I suppose that what I'd say would depend on at what age I was talking to my younger self. But the general gist of the message would probably always be: 

"How you feel about fat is not going to change or go away, so you have to decide how you want to live with it. There are other people out there with similar feelings, but most people who are fat, even if they are OK with their bodies, don't feel the same way about it that you do, and are not apt to ever feel that way."


----------



## Ernest Nagel (Jan 11, 2010)

OK, I'll throw in.


Take care of yourself; you may last longer than seems likely.

_Listen_ when she talks! Take notes if you have to. Ask questions when you don't understand. 

You'll always make more money. Birthdays, anniversaries, etc you can't get back. 

Don't be indispensable. No one will love you for it and it will wind up costing you the ones who do love you.

While we're on the subject, find someone who loves you for who you are, not just what you can provide. Believe it or not they're out there.

Divorce just means you're not married anymore, _that's all_. It doesn't make you an abject failure as a human being.

Bigger isn't better if she's not happy.

Not everyone should be in a relationship. Friends and family are great. Don't lose sight of that looking for something "more".

*Regret is a waste of time!!!!*

I may think of others but that's a start. :blush:


----------



## Tau (Jan 12, 2010)

Oh yay! I'm glad you reposted this here - looking forward to reading all the responses.

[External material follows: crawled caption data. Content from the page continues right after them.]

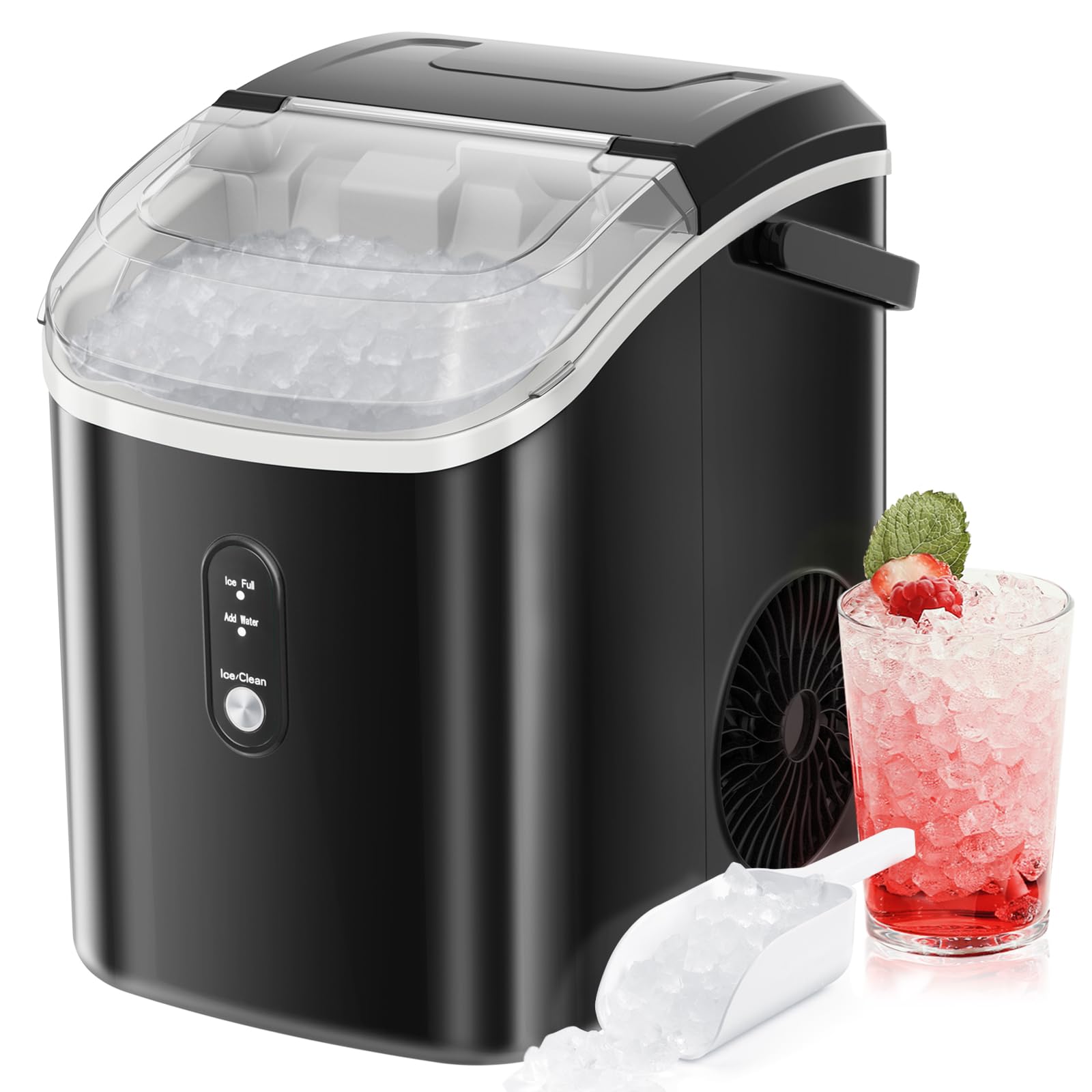 Photo 1 of Nugget Countertop Ice Maker with Soft Chewable Pellet Ice,Pebble Portable Ice Machine with Ice Scoop, 34lbs in 24 Hours, Self-Cleaning, Sonic Ice, One-Click Operation, for Kitchen,Office Black 34Lbs/24H Black 1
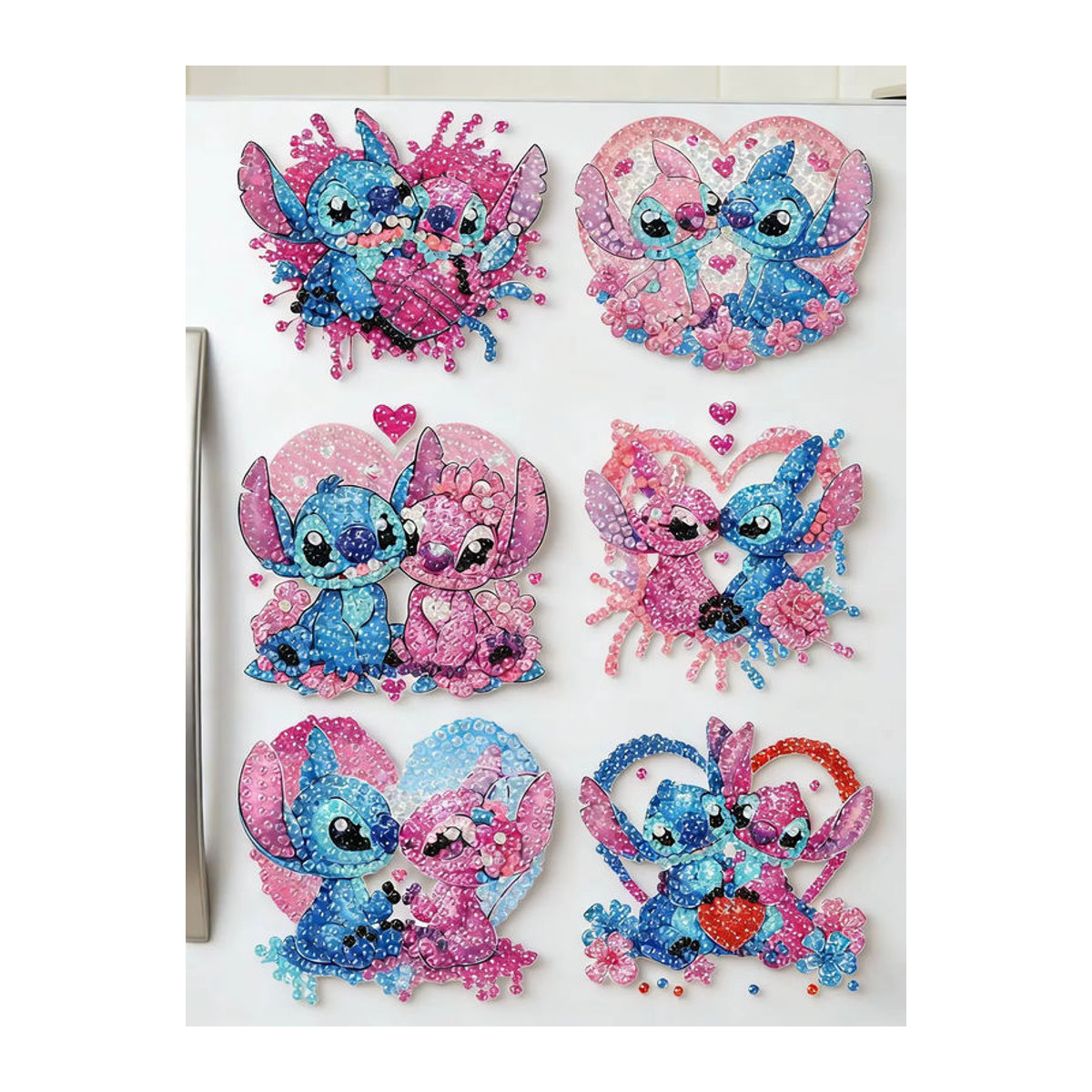 Disney Lilo & Stitch Angel Diamond Art Kühlschrankmagnet DIY Diamantmalerei in Mehrfarbig - Bild 4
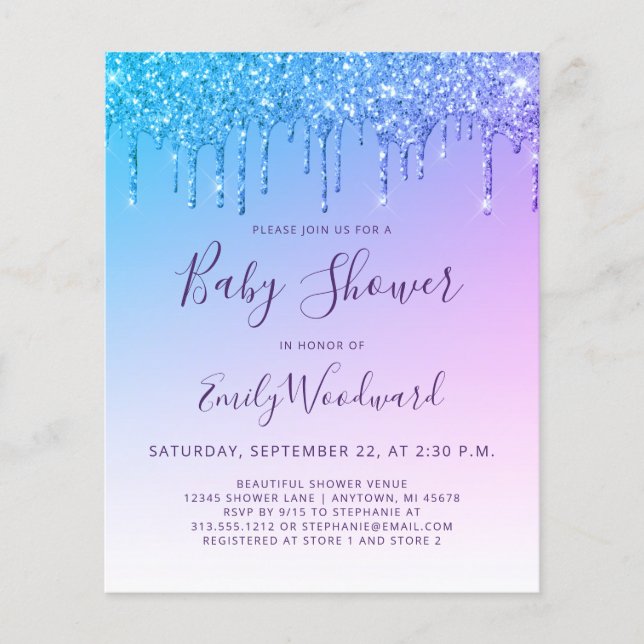 Budget Glitter Drip Rainbow Baby Shower Invitation (Front)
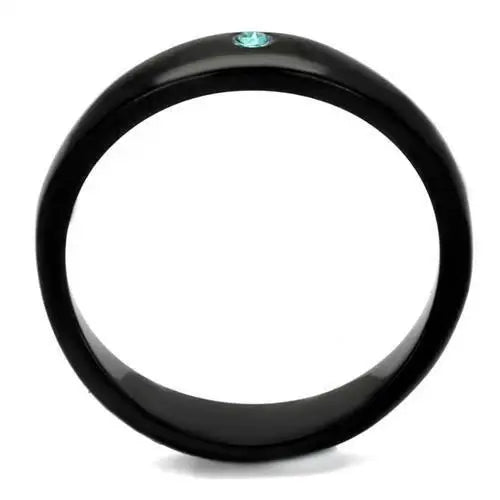 TK2274 - IP Black(Ion Plating) Stainless Steel Ring with Top Grade Crystal in Light Sapphire - Alamode - Flyclothing LLC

Tad and Ernest, so far really great ones posted


----------



## MattB (Jan 13, 2010)

Tough thread...I'm 35.

I started thinking of a lot of things I would say to myself (probably 12 or 13-year old me), but couldn't get past the fact that if I _*could actually *_say something to myself at that age it might screw up my future, because right now things are pretty much how I want them to be. Kind of like a "Back to the Future/don't mess with the space-time continuum" thing. I didn't have the best childhood, but I wouldn't trade my 20's and 30's for anything. 

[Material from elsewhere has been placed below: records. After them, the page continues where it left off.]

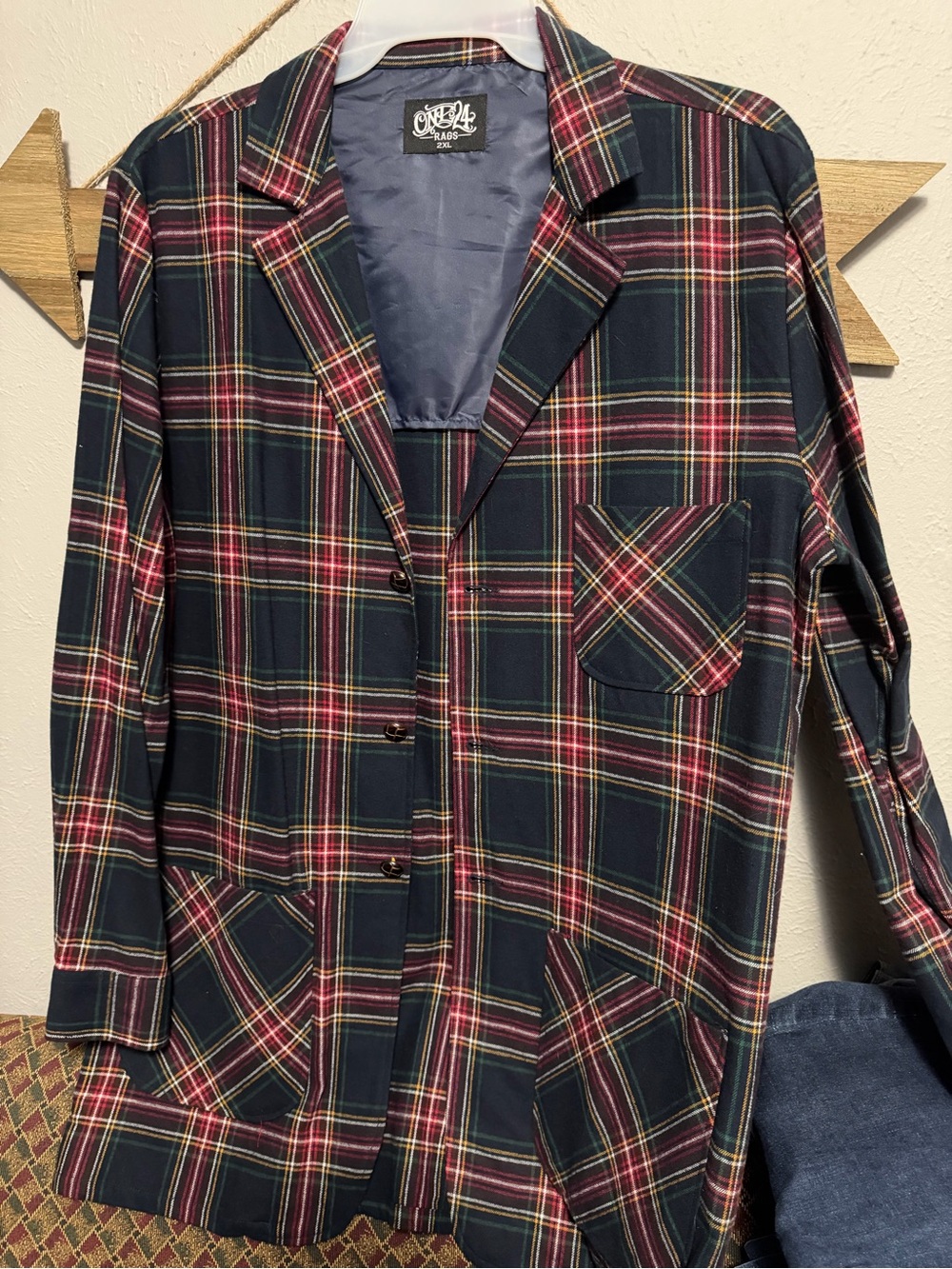 Navy Plaid Blazer Jacket - Women's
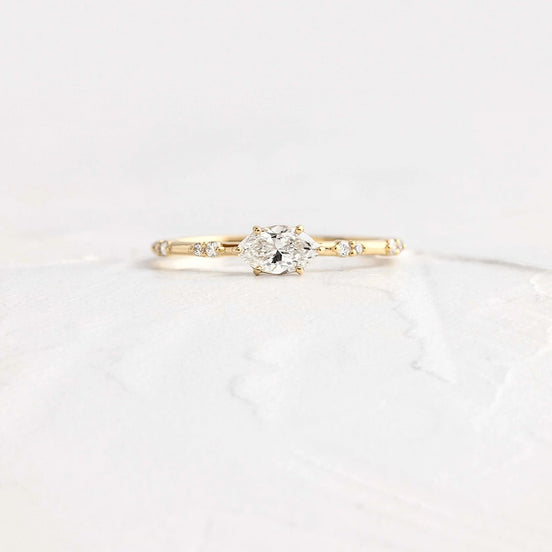 Moissanite Marquise Cut Cluster Proposal Ring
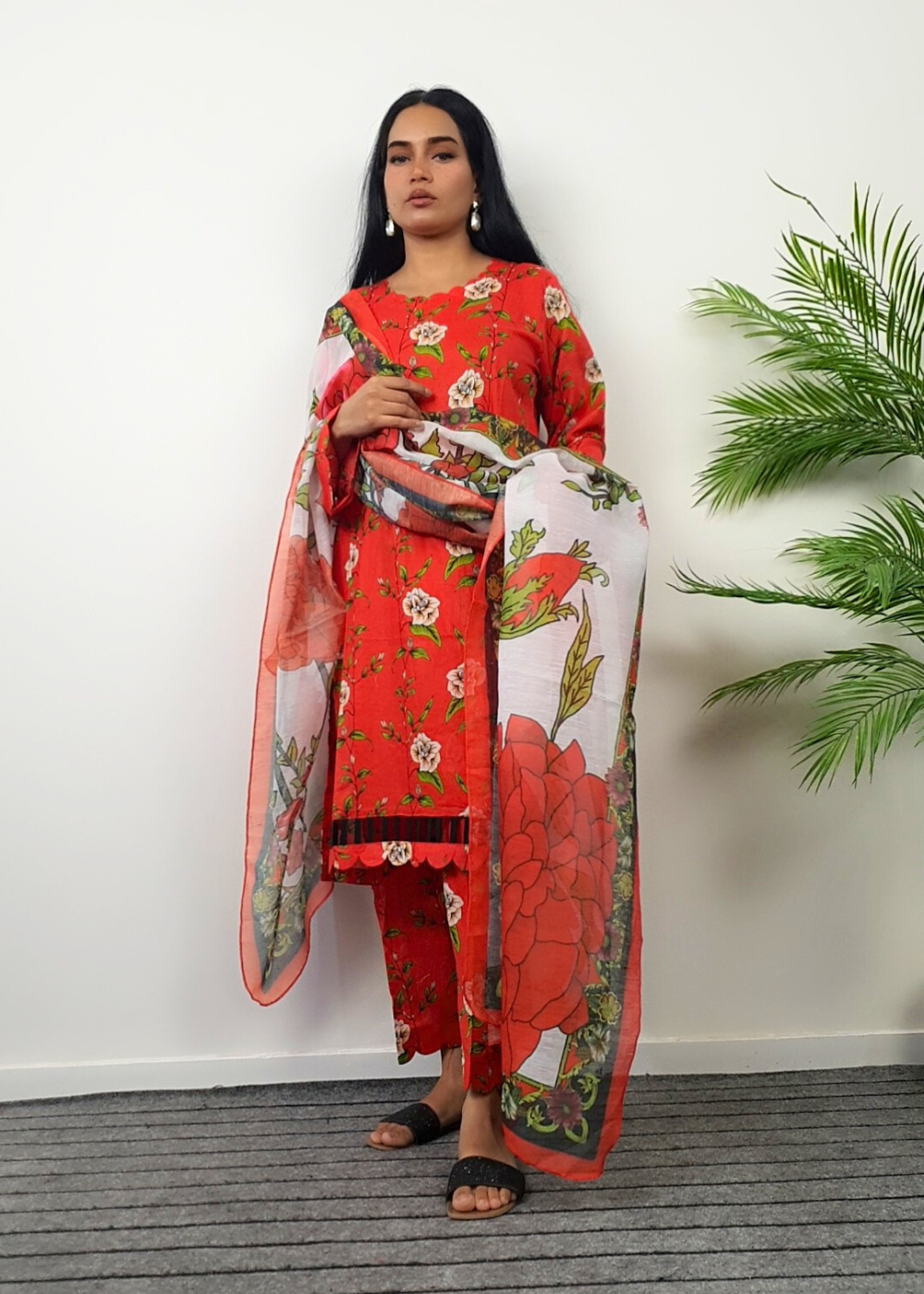 lawn Kurta Set in Tomato red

But...since it's just a thread on Dims, I think more than anything I would just encourage myself to be more social, and don't worry so much about everything. "Go and get whatever you want" to possibly oversimplify it, or "don't fear rejection so much."

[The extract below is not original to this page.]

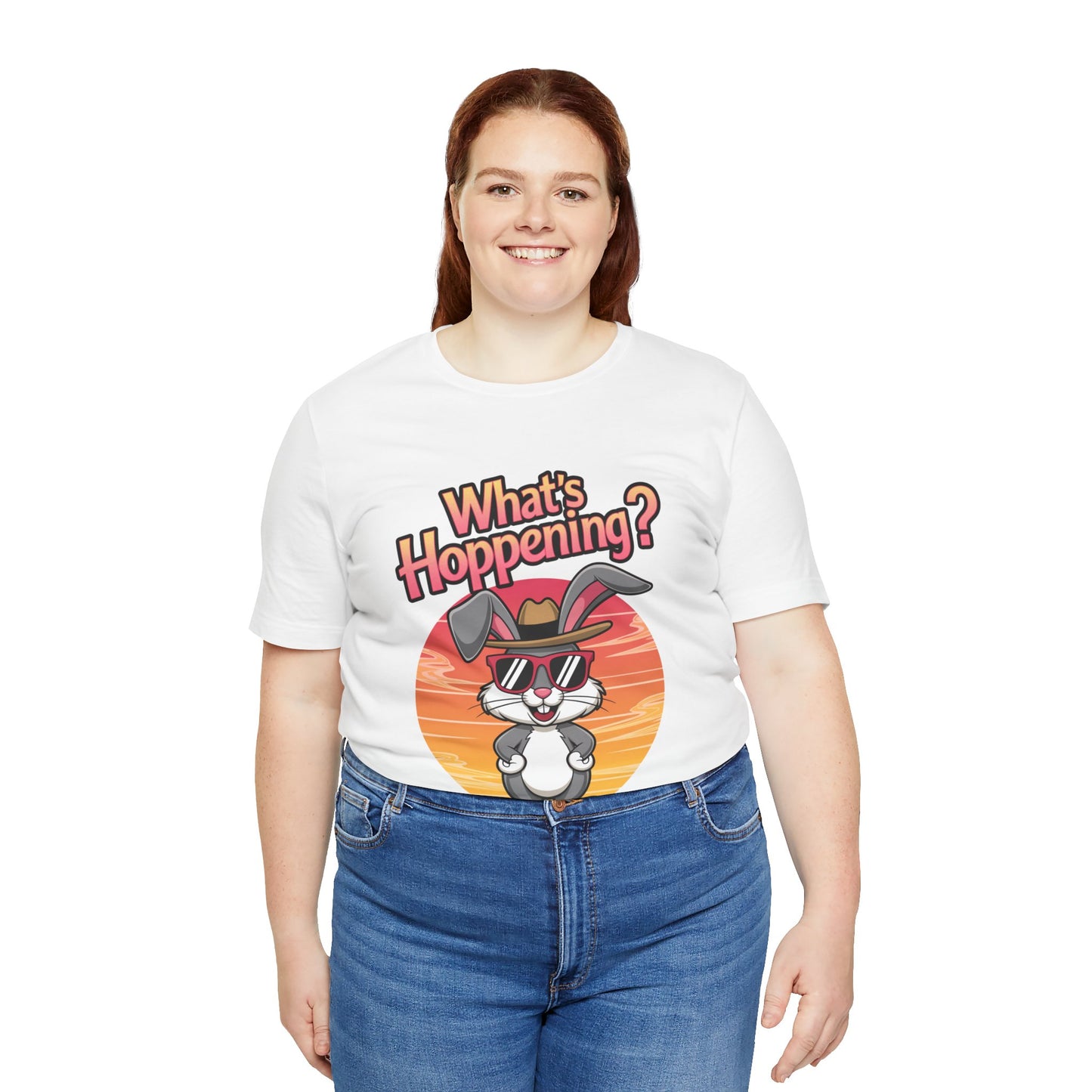 What’s Hoppening Funny Bunny Shirt – Cute Rabbit Pun T-Shirt – Sunset Graphic Tee for Animal Lovers, Easter, and Pun Enthusiasts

Of course 12 or 13 year old me would just ignore me anyways...


----------



## Webmaster (Apr 14, 2010)

This is really totally relevant stuff. But it's also stuff that one can only appreciate in retrospect. There is absolutely no way to anticipate what the filter of time will do to one's perception. Like, it's simply not conceivable in the heat of the moment that a single hit in a football game can become a debilitating liability 40 years later. And so on. If everyone had two shots at life and could do the whole thing over, things would look a whole lot different.



Ernest Nagel said:


> OK, I'll throw in.
> 
> 
> Take care of yourself; you may last longer than seems likely.
> ...


----------



## drewedwards (Apr 14, 2010)

I never would have dated skinny girls.


----------



## Poncedeleon (Apr 14, 2010)

Damn you for making that Rod Stewart song pop into my head!


----------



## Dr. Feelgood (Apr 14, 2010)

Most people live entirely inside their heads. They don't see YOU; they see their _concept_ of you. They don't hear you, either; they're too busy thinking about what they're going to say next. You too can spend your whole life like that, or you can -- with effort -- manage to put your concepts aside once in a while and simply see what's there. And you can listen deeply to what people say, and focus -- with effort -- on _them_ and not on you. You may not be able to live your whole life that way, but the times that you get out of your head and out of your self will show you life at its most vivid.


----------



## Nutty (Apr 15, 2010)

Dr. Feelgood said:


> Most people live entirely inside their heads. They don't see YOU; they see their _concept_ of you. They don't hear you, either; they're too busy thinking about what they're going to say next. You too can spend your whole life like that, or you can -- with effort -- manage to put your concepts aside once in a while and simply see what's there. And you can listen deeply to what people say, and focus -- with effort -- on _them_ and not on you. You may not be able to live your whole life that way, but the times that you get out of your head and out of your self will show you life at its most vivid.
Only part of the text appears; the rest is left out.